Lines from the one with "Русал - чистая" up to and including the one with "Позашляховик / Кросовер" are to be copied exactly from the records below, without their pictures.

_Listed entries_:
•••••

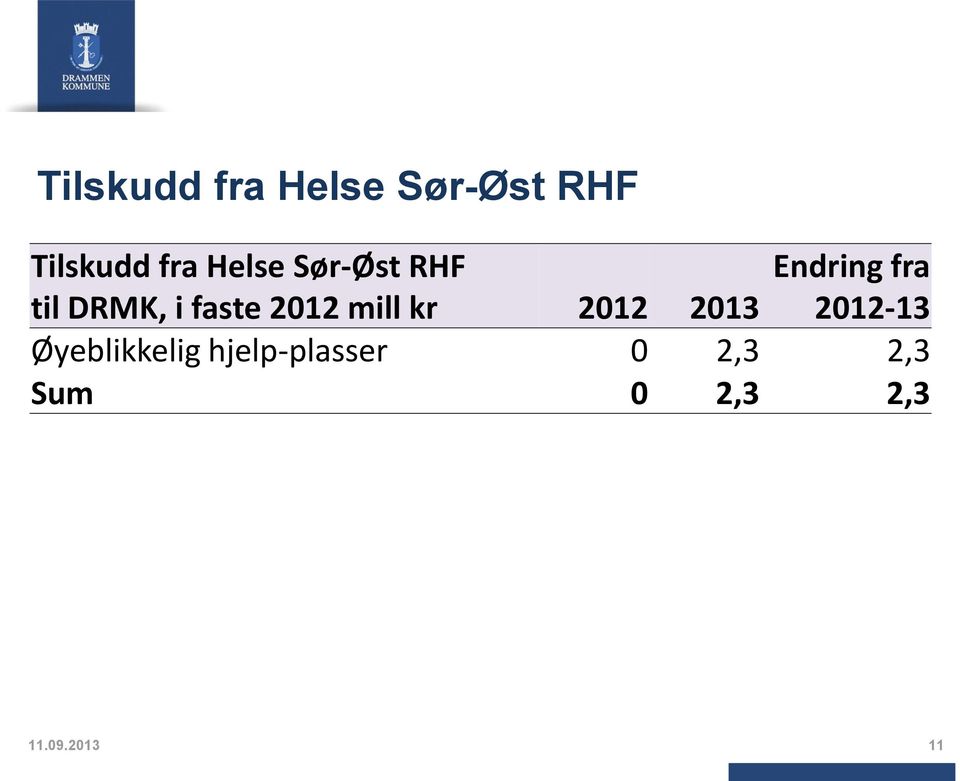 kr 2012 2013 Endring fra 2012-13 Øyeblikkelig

•••••

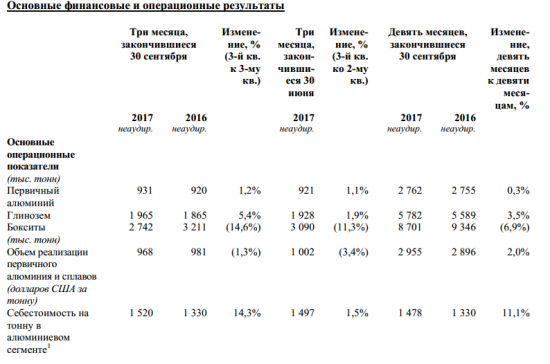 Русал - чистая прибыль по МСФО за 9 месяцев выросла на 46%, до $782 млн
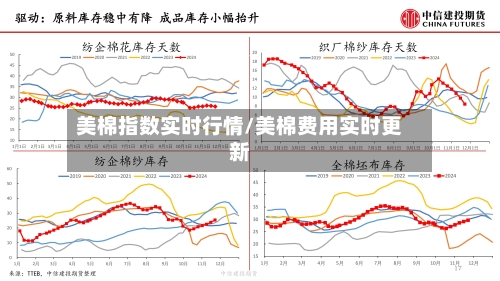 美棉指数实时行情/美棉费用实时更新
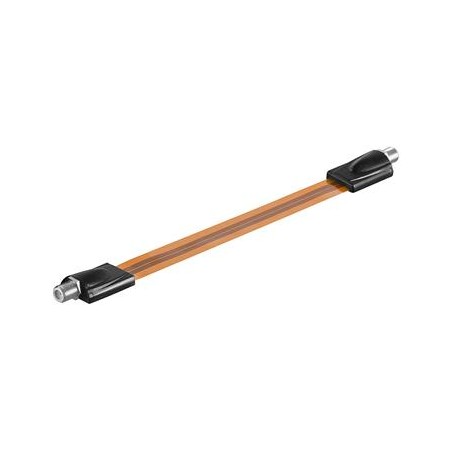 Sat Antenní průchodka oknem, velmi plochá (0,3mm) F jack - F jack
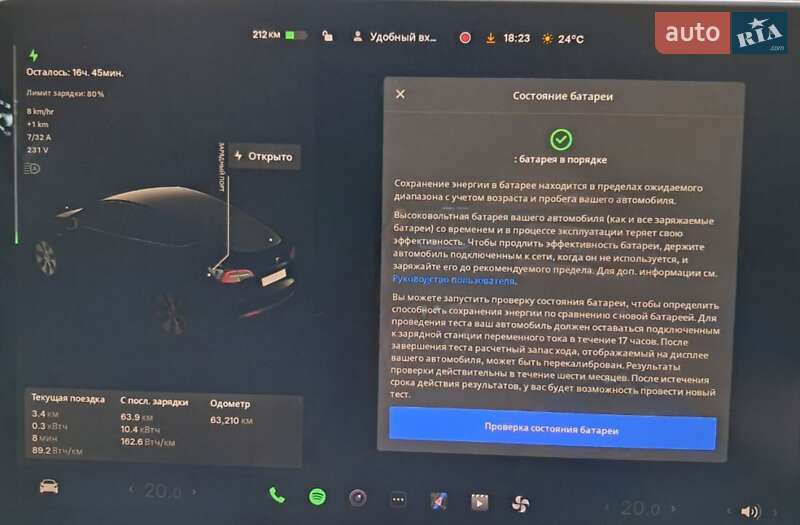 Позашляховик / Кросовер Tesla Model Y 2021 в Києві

•••••

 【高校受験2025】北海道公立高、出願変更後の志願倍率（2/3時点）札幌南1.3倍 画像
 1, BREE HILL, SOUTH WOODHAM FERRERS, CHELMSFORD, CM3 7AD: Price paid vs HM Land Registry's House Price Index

•••••

_Exercise output_:
 Русал - чистая прибыль по МСФО за 9 месяцев выросла на 46%, до $782 млн
 美棉指数实时行情/美棉费用实时更新
 Sat Antenní průchodka oknem, velmi plochá (0,3mm) F jack - F jack
 Позашляховик / Кросовер Tesla Model Y 2021 в Києві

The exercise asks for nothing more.